Data records:
—————

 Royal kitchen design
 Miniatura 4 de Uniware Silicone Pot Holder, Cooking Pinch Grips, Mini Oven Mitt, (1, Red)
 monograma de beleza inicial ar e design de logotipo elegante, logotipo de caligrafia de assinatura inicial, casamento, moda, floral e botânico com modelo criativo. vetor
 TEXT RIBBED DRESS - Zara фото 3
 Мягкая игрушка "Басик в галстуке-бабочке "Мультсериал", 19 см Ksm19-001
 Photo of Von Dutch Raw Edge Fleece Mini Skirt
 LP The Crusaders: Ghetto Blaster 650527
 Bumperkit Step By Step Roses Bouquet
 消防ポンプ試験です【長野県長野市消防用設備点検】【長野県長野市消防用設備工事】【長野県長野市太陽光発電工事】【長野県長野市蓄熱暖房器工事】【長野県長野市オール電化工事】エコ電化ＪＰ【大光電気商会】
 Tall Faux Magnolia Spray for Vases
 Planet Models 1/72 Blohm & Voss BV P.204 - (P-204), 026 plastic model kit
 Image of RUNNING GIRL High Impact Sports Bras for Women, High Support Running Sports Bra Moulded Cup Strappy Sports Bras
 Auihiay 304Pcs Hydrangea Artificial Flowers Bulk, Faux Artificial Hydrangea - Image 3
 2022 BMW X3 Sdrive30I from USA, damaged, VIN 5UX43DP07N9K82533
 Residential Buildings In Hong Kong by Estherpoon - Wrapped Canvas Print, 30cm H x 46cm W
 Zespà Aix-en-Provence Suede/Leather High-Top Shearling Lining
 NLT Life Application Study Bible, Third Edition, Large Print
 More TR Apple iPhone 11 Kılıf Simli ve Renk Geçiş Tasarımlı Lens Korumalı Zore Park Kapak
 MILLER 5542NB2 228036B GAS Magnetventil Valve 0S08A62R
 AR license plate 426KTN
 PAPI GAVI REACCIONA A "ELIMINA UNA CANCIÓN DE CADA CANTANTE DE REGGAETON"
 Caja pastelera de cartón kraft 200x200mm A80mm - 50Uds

—————

◆ Task requirements ◆
Restate the data above word for word. Leave nothing out.

◆ Answer for the task ◆
 Royal kitchen design
 Miniatura 4 de Uniware Silicone Pot Holder, Cooking Pinch Grips, Mini Oven Mitt, (1, Red)
 monograma de beleza inicial ar e design de logotipo elegante, logotipo de caligrafia de assinatura inicial, casamento, moda, floral e botânico com modelo criativo. vetor
 TEXT RIBBED DRESS - Zara фото 3
 Мягкая игрушка "Басик в галстуке-бабочке "Мультсериал", 19 см Ksm19-001
 Photo of Von Dutch Raw Edge Fleece Mini Skirt
 LP The Crusaders: Ghetto Blaster 650527
 Bumperkit Step By Step Roses Bouquet
 消防ポンプ試験です【長野県長野市消防用設備点検】【長野県長野市消防用設備工事】【長野県長野市太陽光発電工事】【長野県長野市蓄熱暖房器工事】【長野県長野市オール電化工事】エコ電化ＪＰ【大光電気商会】
 Tall Faux Magnolia Spray for Vases
 Planet Models 1/72 Blohm & Voss BV P.204 - (P-204), 026 plastic model kit
 Image of RUNNING GIRL High Impact Sports Bras for Women, High Support Running Sports Bra Moulded Cup Strappy Sports Bras
 Auihiay 304Pcs Hydrangea Artificial Flowers Bulk, Faux Artificial Hydrangea - Image 3
 2022 BMW X3 Sdrive30I from USA, damaged, VIN 5UX43DP07N9K82533
 Residential Buildings In Hong Kong by Estherpoon - Wrapped Canvas Print, 30cm H x 46cm W
 Zespà Aix-en-Provence Suede/Leather High-Top Shearling Lining
 NLT Life Application Study Bible, Third Edition, Large Print
 More TR Apple iPhone 11 Kılıf Simli ve Renk Geçiş Tasarımlı Lens Korumalı Zore Park Kapak
 MILLER 5542NB2 228036B GAS Magnetventil Valve 0S08A62R
 AR license plate 426KTN
 PAPI GAVI REACCIONA A "ELIMINA UNA CANCIÓN DE CADA CANTANTE DE REGGAETON"
 Caja pastelera de cartón kraft 200x200mm A80mm - 50Uds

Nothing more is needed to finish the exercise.